Relazioni con Pechino che stanno migliorando, almeno dal punto di vista dei rapporti commerciali ma che invece restano ancora molto instabili per tutto ciò che concerne la sicurezza dell’area dell’Indo Pacifico, con le dichiarate ed evidenti intenzioni espansionistiche cinesi.

In tal senso l’accordo AUKUS, nonostante incertezze e dubbi, potrebbe avere senso che restasse in piedi, proprio in considerazione dell’impronta particolarmente assertiva che Donald Trump intenderà esercitare rispetto al dominio politico, economico e militare della Cina.

Il futuro nuovo inquilino della Casa Bianca, però, quando si tratta di difesa si è espresso in maniera molto chiara, la percentuale di impegno per la difesa dovrà essere adeguata, corrispondendo almeno a quanto gli Stati Uniti imputano a quelle voci di spesa, ovvero almeno il 3% del Prodotto interno lordo.

L’Australia, con un dato leggermente più in alto rispetto a quanto deciso dai ministri della Difesa dei Paesi membri dell’Alleanza Atlantica, quest’anno si è impegnata a raggiungere quota 2.4% di spesa per la Difesa, in rapporto al Prodotto interno di lordo, entro il 2033-34.

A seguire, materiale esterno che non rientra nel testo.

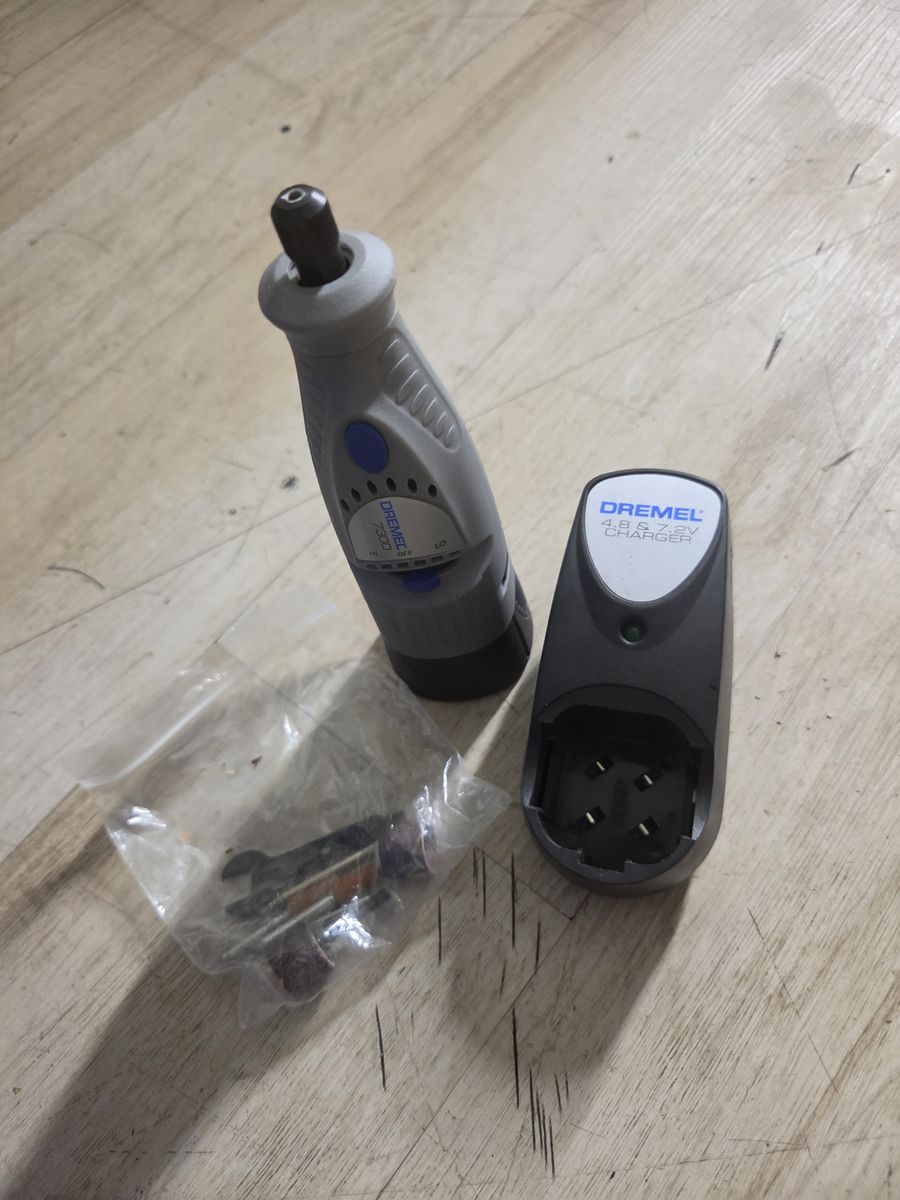 Dremel 7300 4.8V Cordless Rotary Tool Set with Charger & Accessories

Sarà sufficiente tutto questo per convincere Trump che in Australia, quando si tratta di difesa e armamenti, la si pensa come lui? O forse proprio l’accordo AUKUS, per quanto proiettato in una visione a lungo termine, potrebbe aggiungere materiale per dare a Trump una chiara idea di solida alleanza tra Stati Uniti e Australia?

Vedremo, certo è che Trump già in queste sue prime ore da presidente eletto si sta spendendo molto per rappresentare sé stesso al mondo come un ‘potenziale’ pacificatore, parlando con Zelensky, vedendosi aprire le porte dall’amico Putin per un primo colloquio, e lasciando intuire, non direttamente dalle sue parole, ma da membri del suo staff, che la pace in Ucraina potrebbe essere vicina, pena la concessione di territori all’invasore russo.

In questa ottica suona complicato pensare che possa mandare all’aria un accordo che ha, in una triangolazione con Paesi amici, l’intento di deterrenza e di consolidamento della presenza statunitense in un’area strategica come quella del Pacifico e del Mar Cinese Meridionale.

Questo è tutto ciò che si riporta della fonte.